▶ _Required action_: Once you have checked each line below, report only the number of lines that contain the word "time".

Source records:
===============

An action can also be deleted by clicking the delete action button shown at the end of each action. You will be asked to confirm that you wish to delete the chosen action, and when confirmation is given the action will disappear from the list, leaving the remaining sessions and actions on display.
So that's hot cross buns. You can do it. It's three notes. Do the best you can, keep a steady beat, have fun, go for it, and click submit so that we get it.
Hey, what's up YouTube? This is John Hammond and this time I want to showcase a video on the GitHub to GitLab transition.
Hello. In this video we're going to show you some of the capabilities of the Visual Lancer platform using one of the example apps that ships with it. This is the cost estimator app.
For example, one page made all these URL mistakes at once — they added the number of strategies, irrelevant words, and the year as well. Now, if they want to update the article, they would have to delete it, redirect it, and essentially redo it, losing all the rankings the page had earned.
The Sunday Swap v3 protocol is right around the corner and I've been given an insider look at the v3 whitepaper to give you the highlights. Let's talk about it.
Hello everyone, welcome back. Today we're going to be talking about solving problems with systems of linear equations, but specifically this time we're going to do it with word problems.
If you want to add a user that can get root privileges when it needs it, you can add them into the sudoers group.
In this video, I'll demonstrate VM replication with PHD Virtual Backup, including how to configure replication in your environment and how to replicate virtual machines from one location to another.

===============

▶ _Answer section_: 2